# HandM Sales — Numeric vs Embeddings vs Interactions

This notebook trains three LASSO models on an enriched HandM monthly dataset **pulled directly from GitHub**.

1. **Model A**: numeric only
2. **Model B**: numeric + text embeddings
3. **Model C**: numeric + text embeddings + interactions with `age_m`

Assumptions:
- Your GitHub repo hosts `HandMSales_final.csv` at a raw URL.
- That CSV already has numeric features (`lag_m1`, `price_change`, `age_m`) and dummy columns for month/channel, plus `detail_desc` and `article_id`.


In [None]:
import pandas as pd
import numpy as np
from sklearn.linear_model import LassoCV
from sklearn.metrics import r2_score, mean_squared_error, mean_absolute_error
from sentence_transformers import SentenceTransformer
import matplotlib.pyplot as plt

# GitHub raw CSV location — change if your path is different
GITHUB_CSV_URL = "https://raw.githubusercontent.com/ucla-anderson-SSAI/SSAI/main/HandMSales_final.csv"

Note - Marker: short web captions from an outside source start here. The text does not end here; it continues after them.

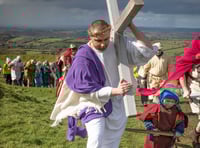  Crucifixion reenacted on Dartmoor tor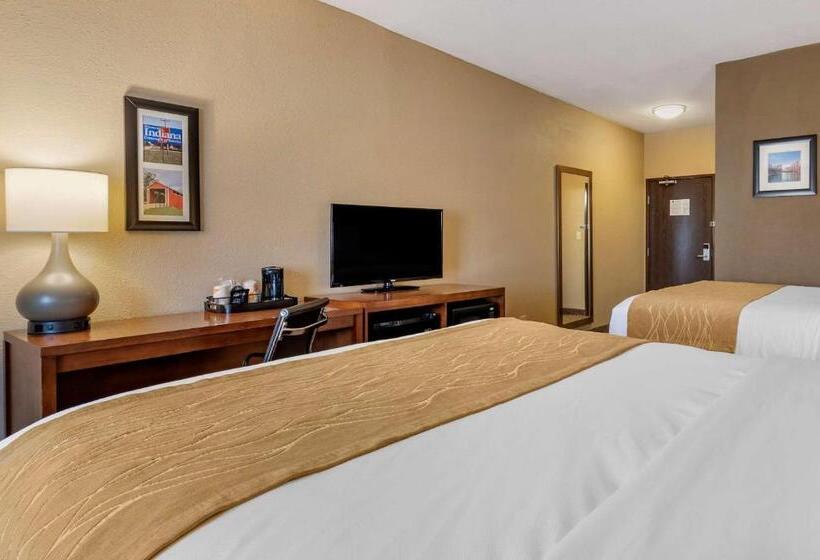 חדר סטנדרט מותאם לאדם עם מוגבלויות, Comfort Inn Shelbyville North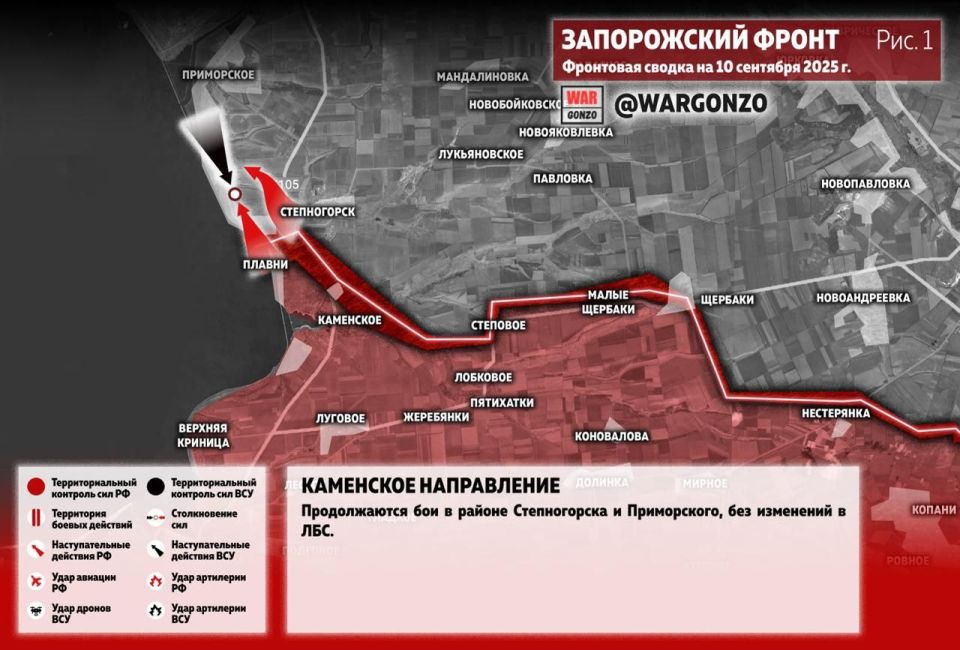 WarGonzo: Фронтовая сводка на утро 10.09.25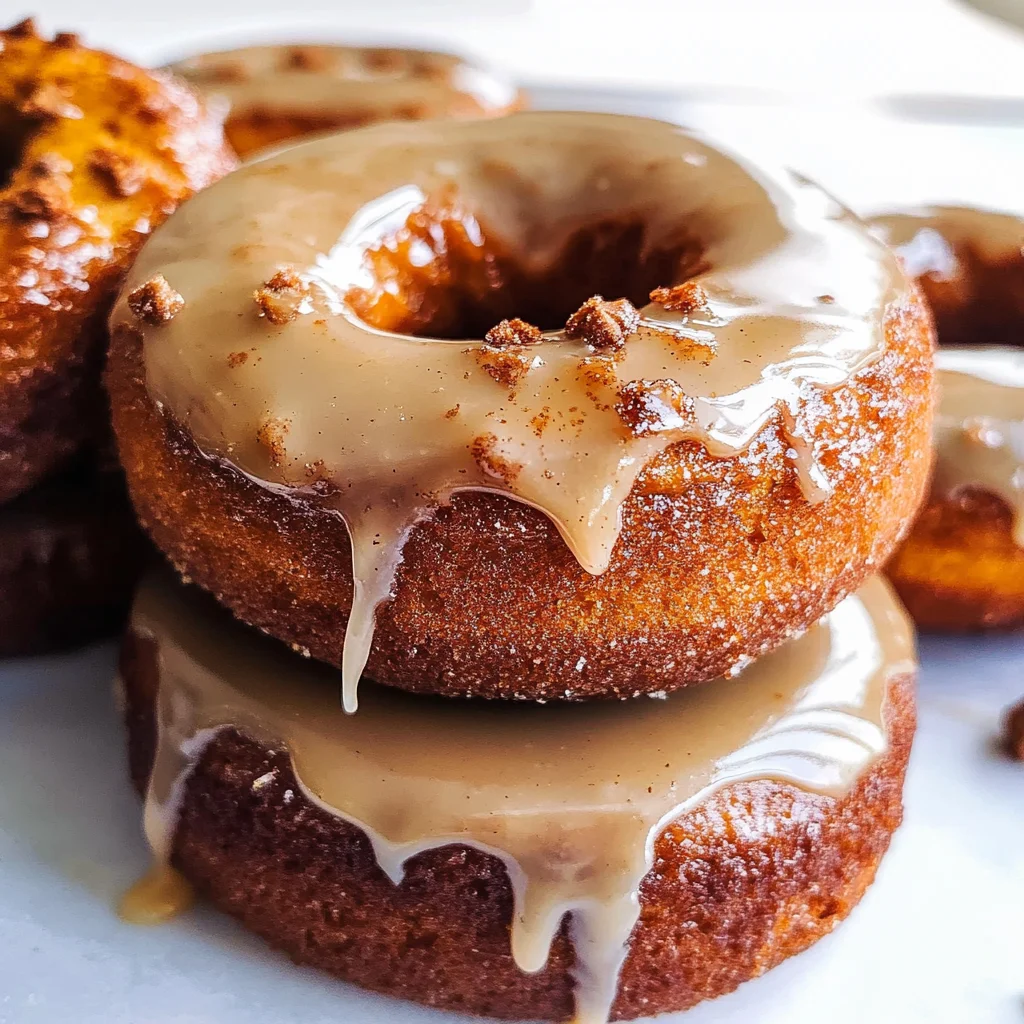 Gluten and Dairy Free Pumpkin Donuts with Maple Glaze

print("[INFO] Downloading CSV from GitHub…")
df = pd.read_csv(GITHUB_CSV_URL, parse_dates=["month_ts"])
print("[INFO] Data loaded from GitHub:", df.shape)

# train = all but last month, test = last month
months = np.sort(df["month_ts"].unique())
train = df[df["month_ts"] < months[-1]].copy()
test  = df[df["month_ts"] == months[-1]].copy()

y_tr = np.log1p(train["demand"].to_numpy())
y_te = test["demand"].to_numpy()

print(f"[INFO] Train rows: {len(train)} | Test rows: {len(test)}")


## Model A — numeric only
Uses engineered numeric features and month/channel dummies already in the CSV.

In [None]:
# numeric features + pre-made dummies
num_cols = [
    "mean_price", "lag_m1", "price_change", "age_m"
] + [c for c in df.columns if c.startswith("month_") or c.startswith("channel_")]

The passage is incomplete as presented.